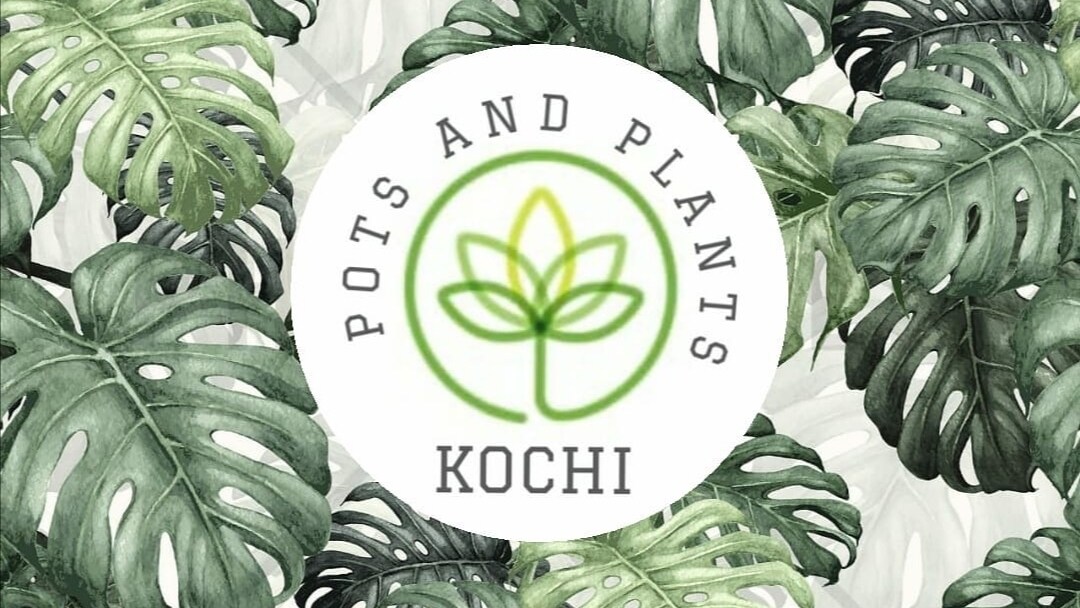 Catalogue Kochi Agro Farm in Thrikkakara , Ernakulam Justdial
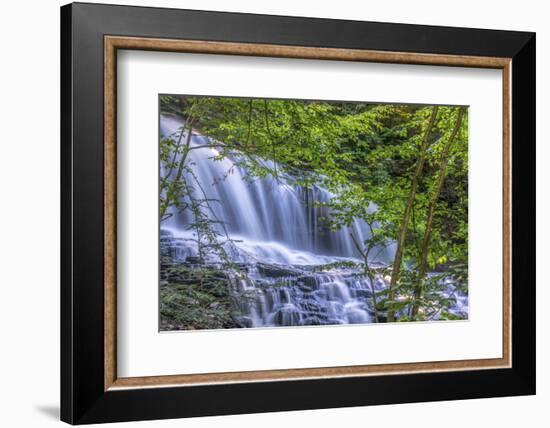 Pennsylvania, Benton, Ricketts Glen State Park. Mohawk Falls Cascade-Jay O'brien-Framed Photographic Print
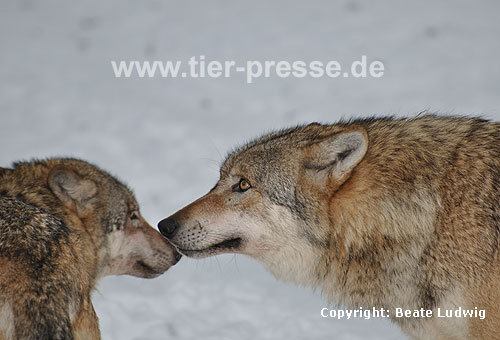Europ�ischer Wolf im Schnee, Kontakt / Grey Wolf, snow, contact / Canis lupus
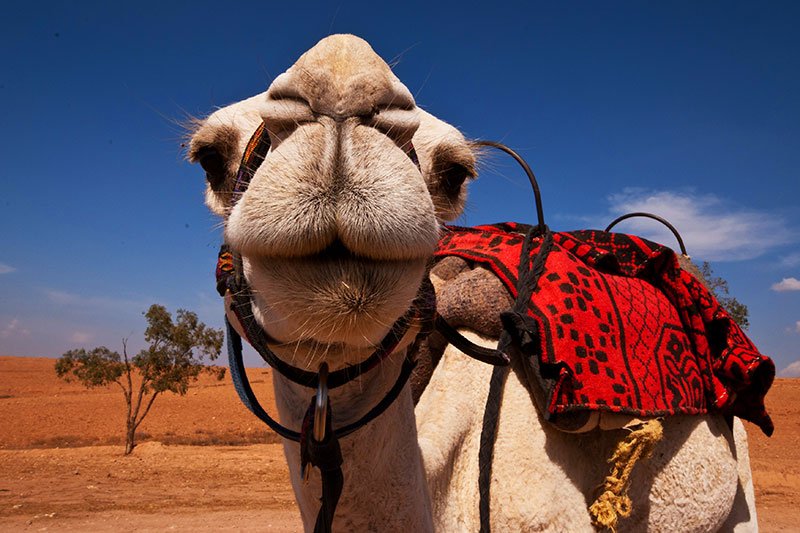 , Marrakesh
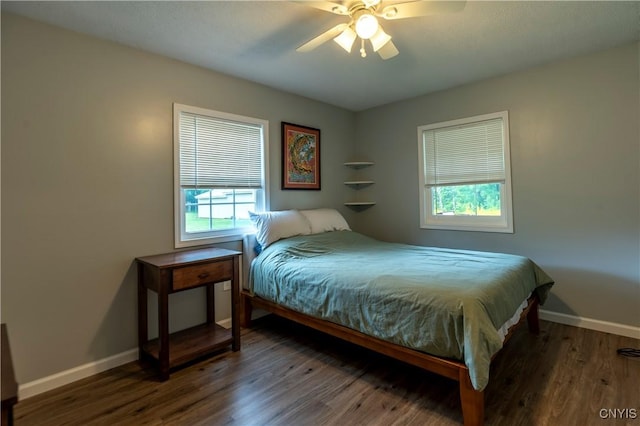 217 Sloperville Rd, Albion, NY 13302 - bedroom featuring multiple windows, wood finished floors, and a ceiling fan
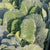 Top Bunch Collards Seeds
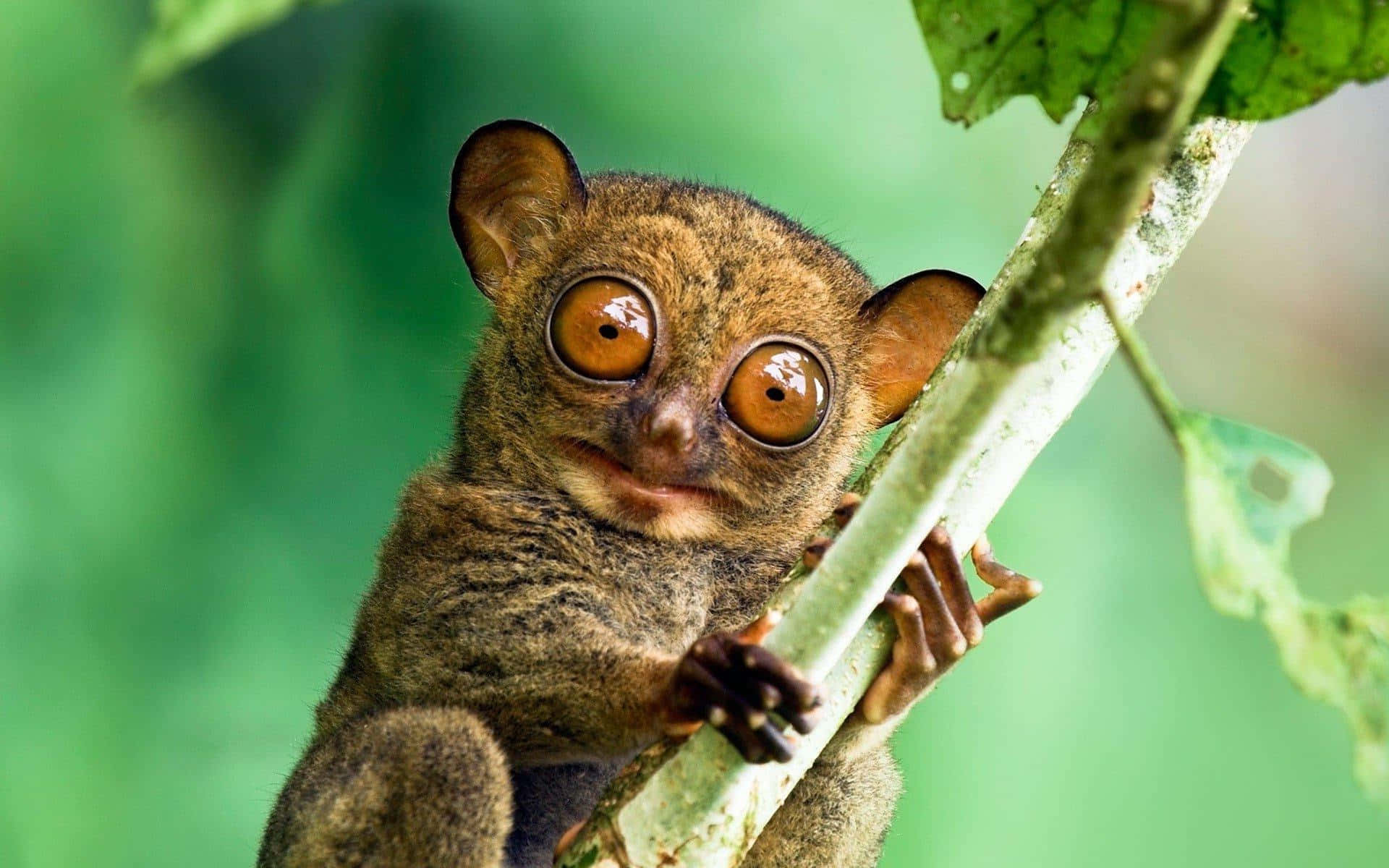 tarsier, amber eyes, tree branch, Full HD Desktop Wallpaper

### TASK TO COMPLETE
The data above should be set down again exactly, with the pictures omitted.

### EXPECTED ANSWER
 Catalogue Kochi Agro Farm in Thrikkakara , Ernakulam Justdial
 Pennsylvania, Benton, Ricketts Glen State Park. Mohawk Falls Cascade-Jay O'brien-Framed Photographic Print
Europ�ischer Wolf im Schnee, Kontakt / Grey Wolf, snow, contact / Canis lupus
 , Marrakesh
 217 Sloperville Rd, Albion, NY 13302 - bedroom featuring multiple windows, wood finished floors, and a ceiling fan
 Top Bunch Collards Seeds
 tarsier, amber eyes, tree branch, Full HD Desktop Wallpaper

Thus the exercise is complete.